• [Assignment] Could you retype every line below exactly, omitting the images?
--- Data shown ---
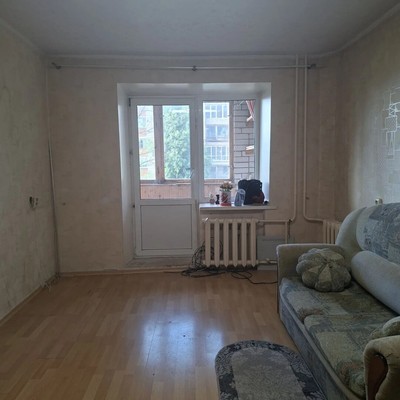 Продам трехкомнатную (3-комн.) квартиру, Профессиональная ул, 35, Иваново г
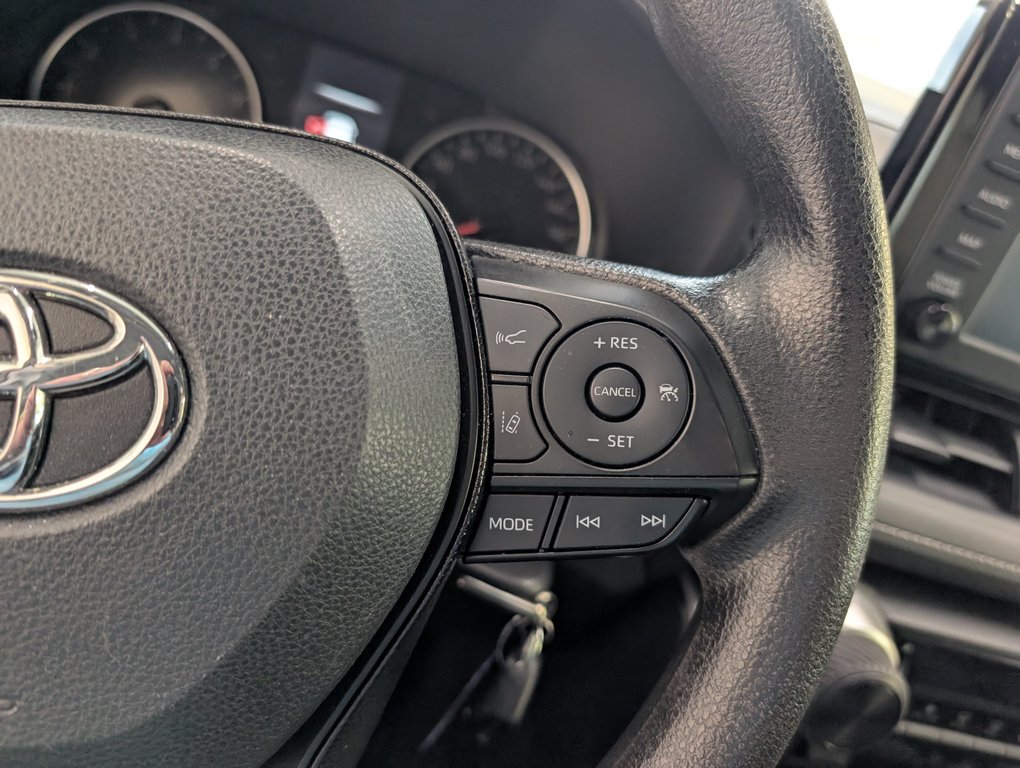 Toyota RAV4 LE AWD, 2021 à Magog, Québec - 19 - w1024h768px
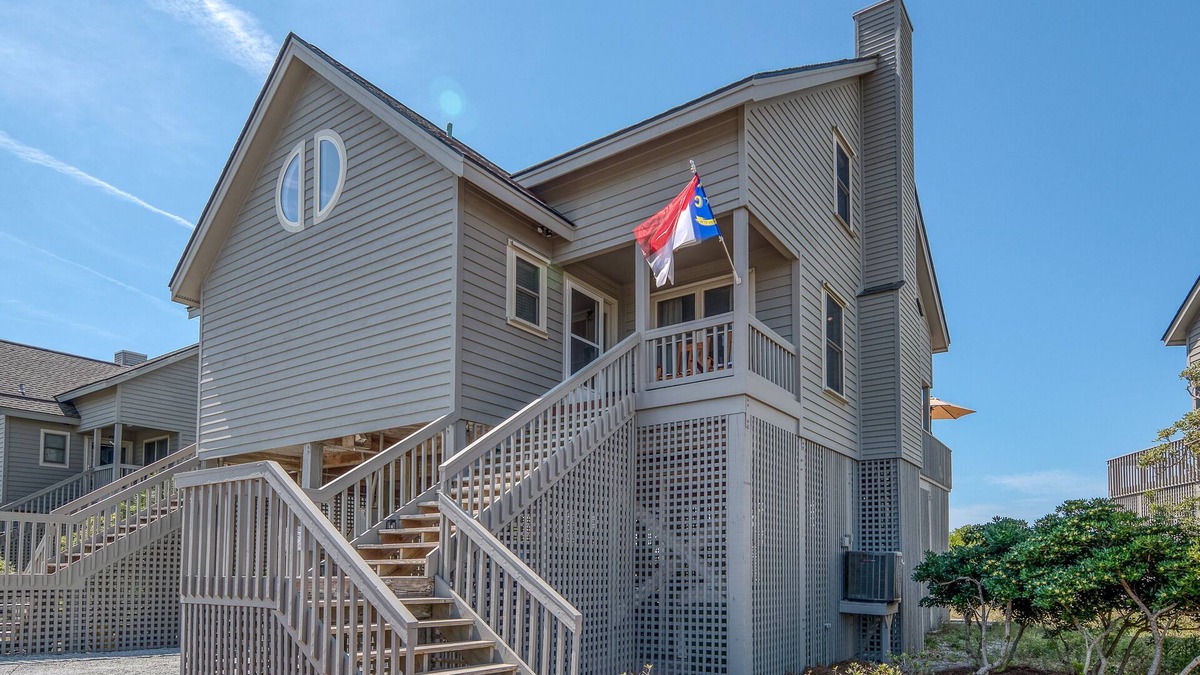 Topsail Beach House | Topsail Beach paradise at Serenity Point - steps from ocean, pool and sound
---
• [Written reply]
 Продам трехкомнатную (3-комн.) квартиру, Профессиональная ул, 35, Иваново г
 Toyota RAV4 LE AWD, 2021 à Magog, Québec - 19 - w1024h768px
 Topsail Beach House | Topsail Beach paradise at Serenity Point - steps from ocean, pool and sound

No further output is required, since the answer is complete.